For our example, we have an expression with length of six (so, three bracket pairs) and the third place is given as an opening bracket:

. . [ . . .

So, how many expressions can be made from that above?

My first thought is, uh oh, traverse all permutations, branch at each place in the expression, generate all options and bubble them up to the top. And yes, if we were required to print all proper expressions, this would be required. Fortunately, though, we’re asked only for the proper expression count, and this lets us take a nice shortcut.

What’s the trick? Well, before we start, we’re at bracket depth 0, and when we end, we better be at bracket depth 0 (otherwise, the expression can’t be considered proper).
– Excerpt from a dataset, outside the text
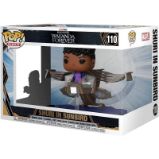 Funko POP Ride: Black Panther Wakanda Forever - Shuri in Sunbird (super deluxe edition) Funko POP Ride: Black Panther Wakanda Forever - Shuri in Sunbird (super deluxe edition)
So, we simply keep track of how many branches are at a particular depth, and “branch” at each place by moving our counts around like tokens.

It’s easier to show you with a picture for our example:

Moves at each expression place

0: Before we start, we have a count of 1 at depth 0.
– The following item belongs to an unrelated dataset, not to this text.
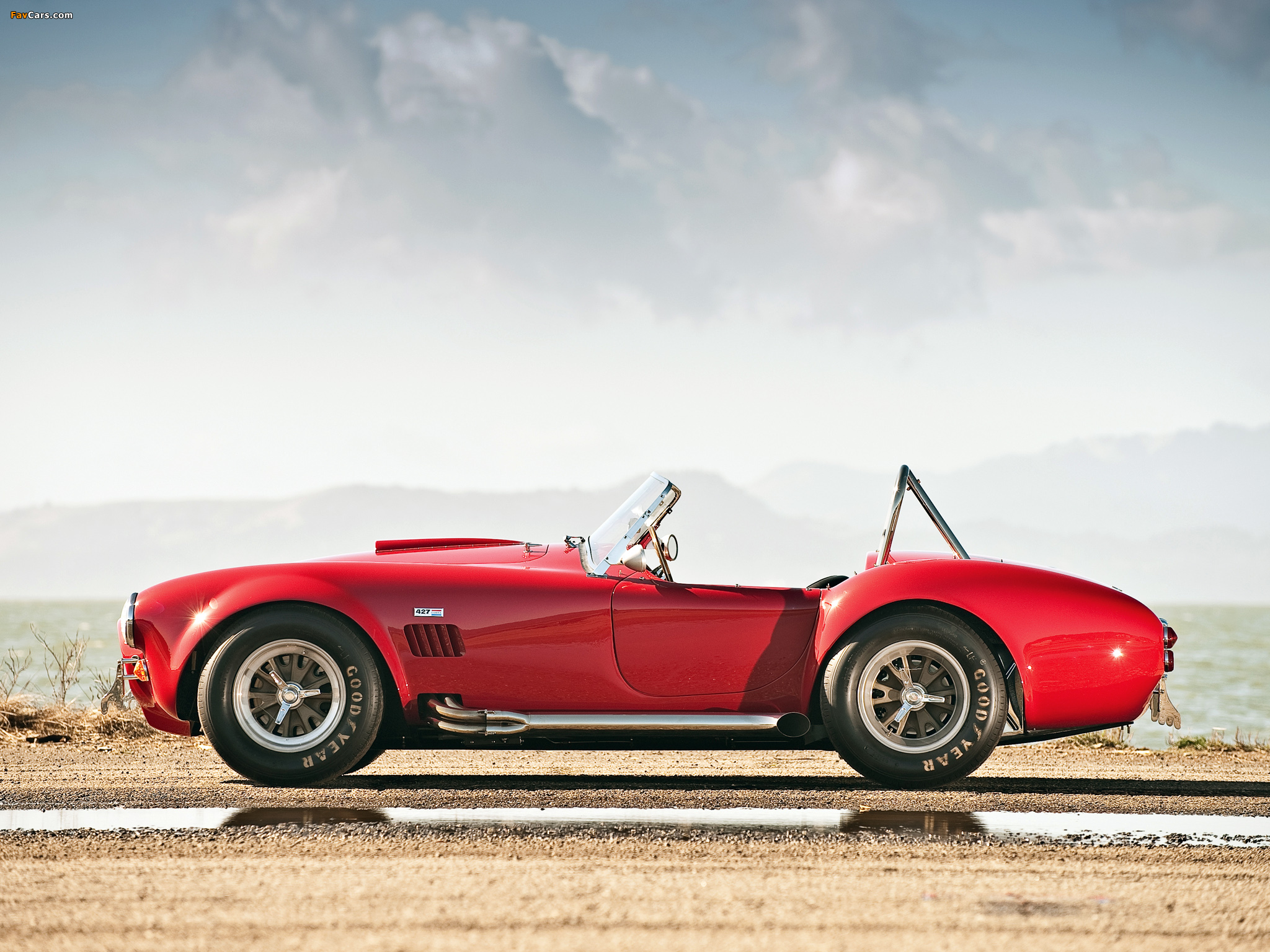 Shelby Cobra 427 Wallpaper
1: Open/close, can only open though (proper expression can’t have negative depth), count 1 at depth 1.

2: Open/close, branch, depth 1 goes to both depth 0 (i.e. close) and 2 (i.e. open).

3. Open only, depth 0 goes to depth 1, depth 2 goes to depth 3

4. Open/close, depth 1 branches to 0 and 2, depth 3 branches to 2 but 4 isn’t valid (since the expression can never close at that depth)
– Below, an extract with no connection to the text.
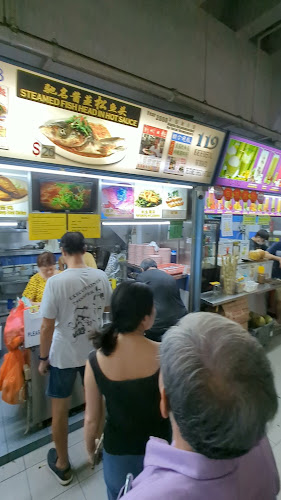 Opinii despre Seng Kee 119 Steam Fish Head în Singapore - Hospitality and gastronomy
5. Open/close, depth 0 to depth 1, depth 2 to depth 1 and 3.

6. Open/close, depth 1 to depth 0, etc.

After the expression is processed, our answer is in the final place of the 0-depth column. Our answer for this example is three.

General Algorithm

  expression = array[1..num_pairs*2], each item is array[-1,1] // open/close
  each open expression item is array [1] // open only
 
  depth_counts = array[0..num_pairs]
  depth_counts[0] = 1 // to start
 
   for each expression item as depth_changes // loop: O(num_pairs)
 
    depth_counts_past = depth_counts
    depth_counts = array[0..num_pairs]
    for each depth_counts_past index as count // loop: O(num_pairs)
 
      for each depth_changes as depth_change // loop: O(2)
        next_count = count + depth_change
        if next_count >= 0 and next_count <= num_pairs
          depth_counts[next_count] += depth_counts_past[count]
        end if
      end for each
    end for each
  end for each
 
  result = depth_counts[0]

And there we are. What is inherently a permutation problem has been collapsed into complexity O(N²). Calculating the answer for 500 bracket pairs with ruby takes under one second on my system, and the result is a number having 300 places. Not bad!